Multi-Content Revisions/Glossary

From mediawiki.org
This page is part of the MCR proposal. Status: stable.

Some central terms used in the context of the Multi-Content Revisions proposal:

  • page: a named location on the wiki, with versioned content. A page has a sequence of revisions (the page's "history"), and may have multiple streams.
  • revision: one version of a page as created by an edit. A revision belongs to exactly one page, and has one (or none) parent revision. A revision has at least one main slot, and optionally one additional slot per each defined content role.
  • edit: an edit is a user action that creates a revision. Note that the number of slots touched by an edit is generally smaller than the number of slots that belong to the revision, since slots that remain unchanged still count as belonging to the new revision.
  • slot: the association of a content object (documents) with a specific role in a given revision
    • main slot: the slot with the "main" role. This is always defined for any revision, and is always a primary slot. It will be used per default in places where legacy code expects only one content object to be associated with a revision.
    • derived or virtual slots: these refer to the idea of respectively storing or generating content derived from the primary user-supplied content.
  • stream: a sequence of slots that have the same role and are all associated with revisions of the same page. If revisions of some page have a "main" and a "foo" slot, that page is said to have a "main" and a "foo" stream. Streams can also be thought of as the revision history of a specific document or content object.
  • role: the purpose a given content object has for a revision. Besides the "main" role which must alway be present, there may be roles for content that represents the categories or a page, or quality information, or a blame map, etc.
  • content: a self-contained document, representing the information associated with a slot.
    • primary content: content that is user-created and cannot be re-created from other slots (e.g. the article text). The primary slots of a revision can be enumerated.
    • derived content: content that was derived from content in other slots and is not user-editable (e.g. a blame map). It may be useful to provide a generic mechanism for associating derived content with a revision. It is not required for the derived slots of a revision to be enumerable. Some may be completely virtual, that is, derived from other slots on demand, and not stored in the database at all. Non-virtual derived content that is stored along with the primary content may be referred to as materialized derived content.

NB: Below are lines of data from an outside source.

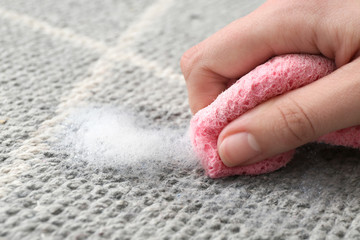 Woman cleaning carpet, closeup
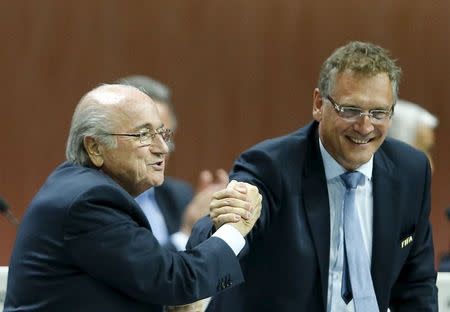 FIFA President Sepp Blatter (L) and Jerome Valcke, Secretary General of the FIFA do a Handshake For Peace at the 65th FIFA Congress in Zurich, Switzerland, in this May 29, 2015 file photo. REUTERS/Ruben Sprich/Files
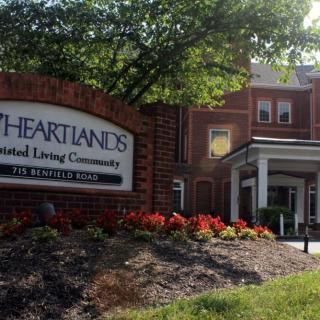 Entrance to Heartlands Assisted Living Community with a welcoming sign and landscaped surroundings.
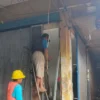 Pekerja sedang memperbaiki pintu besi yang sempat terkena api untuk bisa difungsikan kembali, Kamis (13/3/2025). (Fatkhur Rizqi/Radar Tasikmalaya)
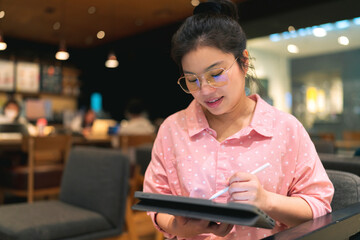 relax leisure attractive smart asian female freelance entrepreneur smile and enjoy working with smartphone and laptop tablet at cafe restaurant digital nomad expat casual ideas work anywhere concept - obrazy, fototapety, plakaty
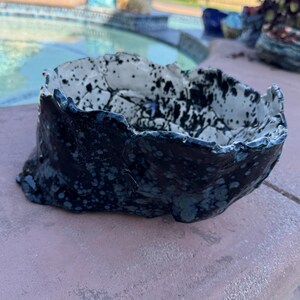 May include: A handmade ceramic bowl with a dark blue exterior and a speckled white and black interior. The bowl has a rough, textured surface and an irregular, organic shape. The bowl is sitting on a pink surface.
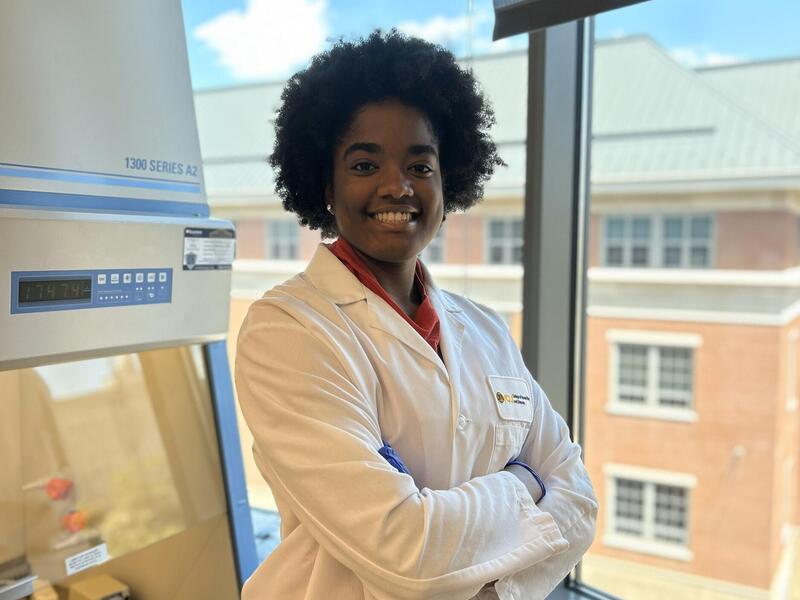 A woman standing in front of a window with her arms crossed against her chest. She is wearing a white lab coat and smiling. 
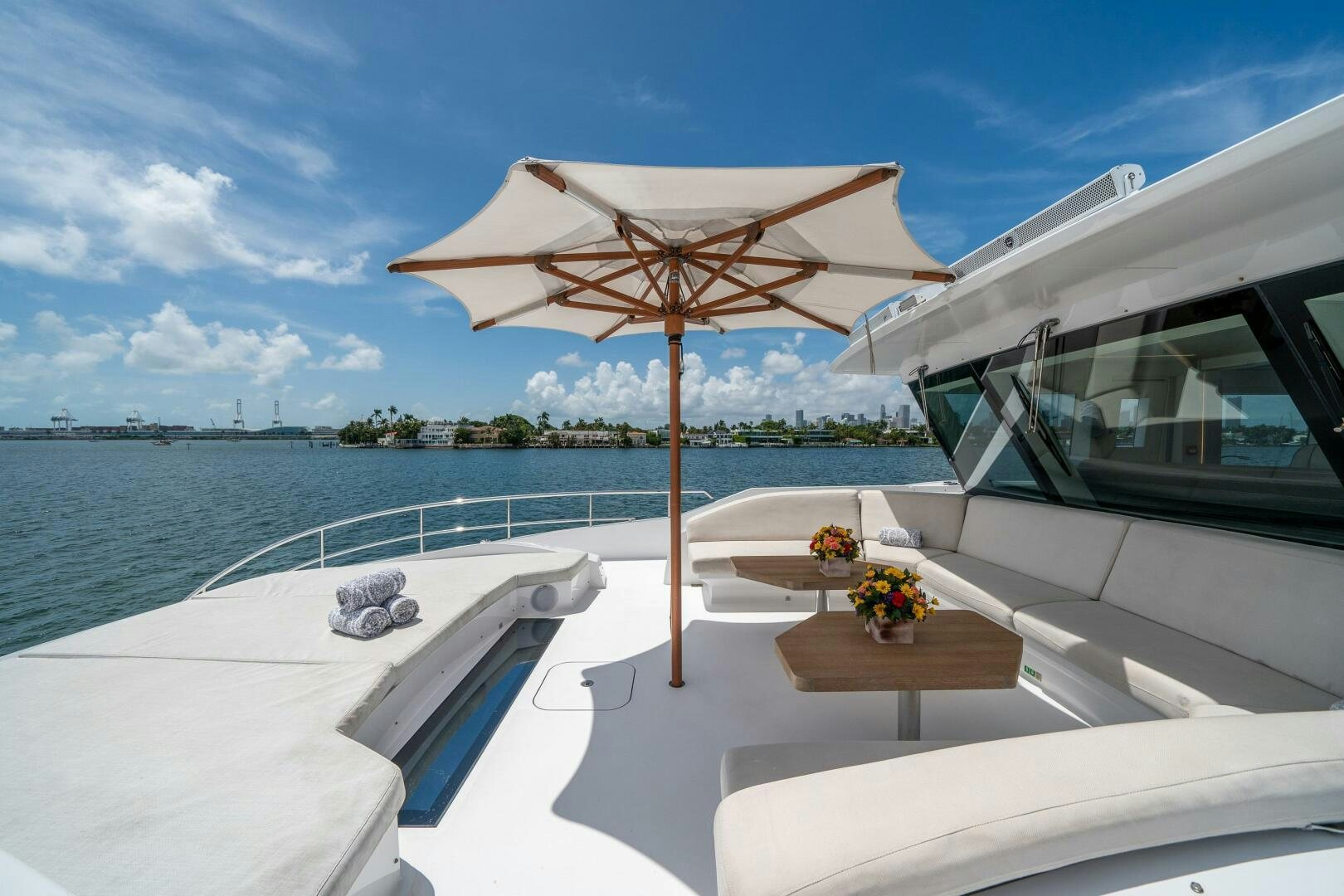 a lounge chair and umbrella on a boat aboard DAY ONE Yacht for Sale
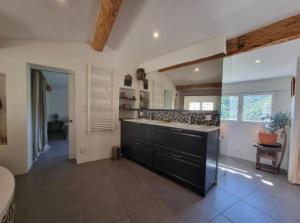 a large kitchen with a black counter and sink at Mas Montet Chez Raphael in La Valette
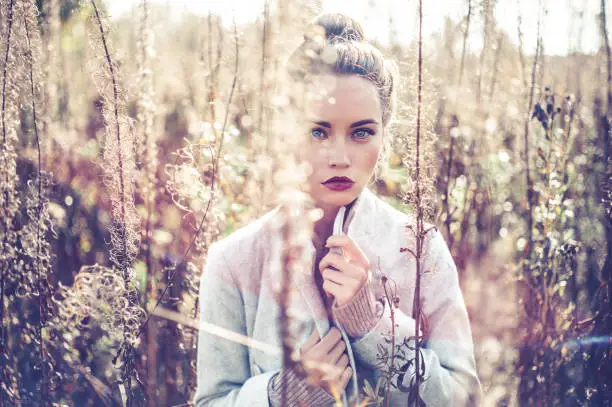 Outdoor fashion photo of young beautiful lady gray coat in autumn landscape with dry flowers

    • content object: a document of some sort; the content as a logical unit, with the model known but the format undefined; in PHP, an object compatible with the Content interface.

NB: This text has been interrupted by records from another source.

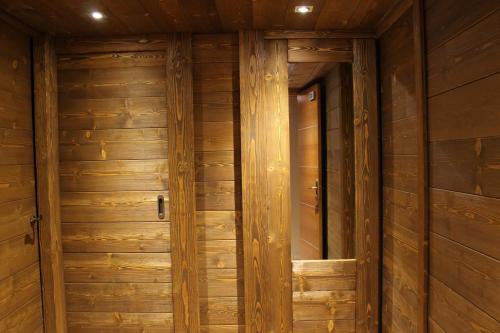 a wooden door in a room with wooden walls at Hostal Piteus in Sant Llorenc de Morunys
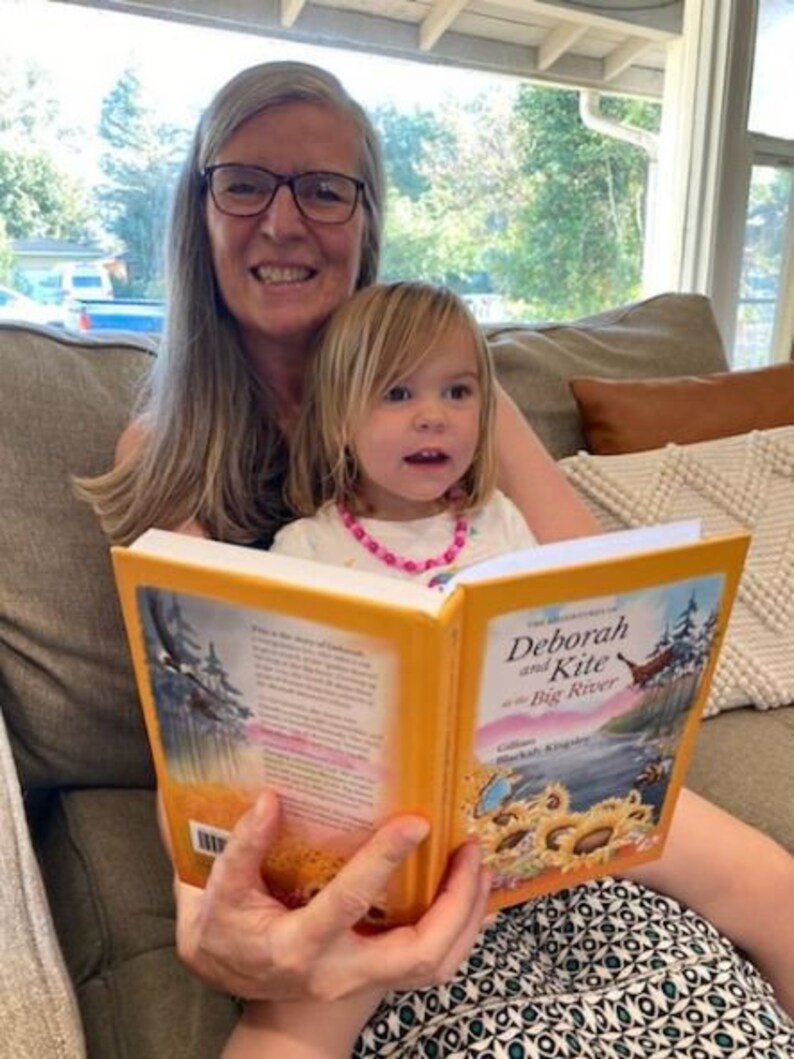 May include: A woman and a young girl are sitting on a couch reading a book titled "Deborah and Kite at the Big River". The book is open and the pages are yellow. The woman is wearing glasses and has gray hair. The girl is wearing a pink shirt and a pink necklace.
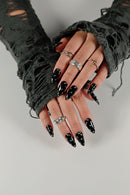 Close-up of hands with black nail polish and multiple rings on a neutral background, Obroi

    • content blob: the serialized form of a content object, without any meta-information. Cannot be read without knowing format and model. Cannot be used without knowing the role.
    • content model: the schema or interpretation used to construct a content object from a raw decoding of a content blob. E.g. geo-json or wikidata-item, both of which use text/json as their serialization format.

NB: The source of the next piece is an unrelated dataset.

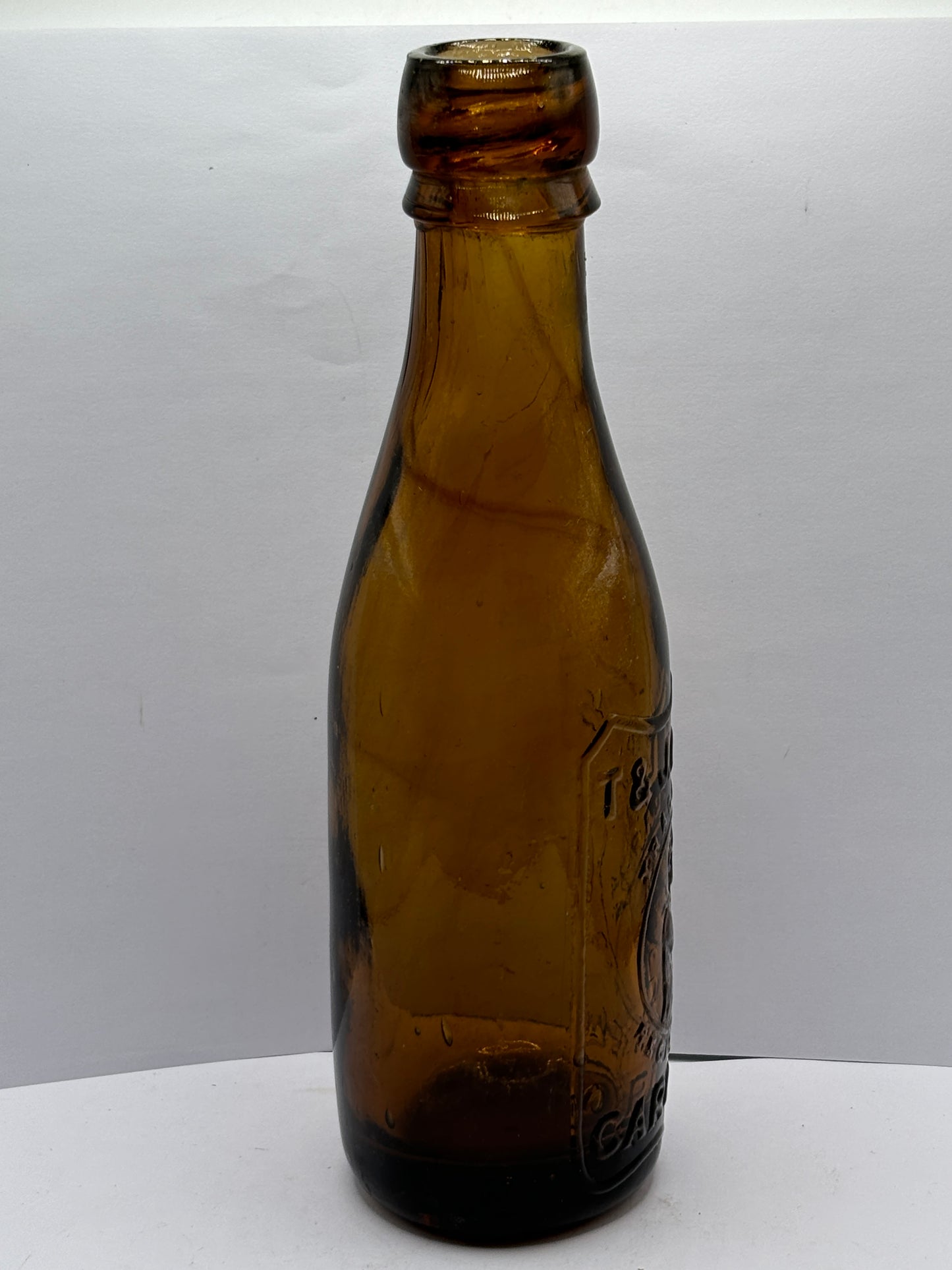 Old amber glass beer bottle, T&J minns Carlisle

    • content format: the serialization format (as a MIME type). This is sufficient for decoding a content blob to some raw data structure, but is not sufficient to interpret that structure ("text/json" says nothing about how the data shall be interpreted).
    • content meta-data: information about the content of a slot, such as content format, model, and hash.
  • meta-data: information identifying a revision and its associated content. This includes all information necessary to find, load, deserialize, and interpret the content objects associated with a revision. Meta-data does not include any information extracted or derived from content; this would be considered derived content, see above. Types of meta-data relevant in the context of MCR are:
    • revision meta-data: page, user, timestamp, comment, etc. Stored in the revision table.
    • content meta-data: address, model, format, length, hash, etc. Stored in the content table.
    • slot meta-data: role, revision, and content id. Stored in the slots table.
  • blob: A potentially large binary string stored in an arbitrary location, accessible via an address (read: URL). Blobs are immutable.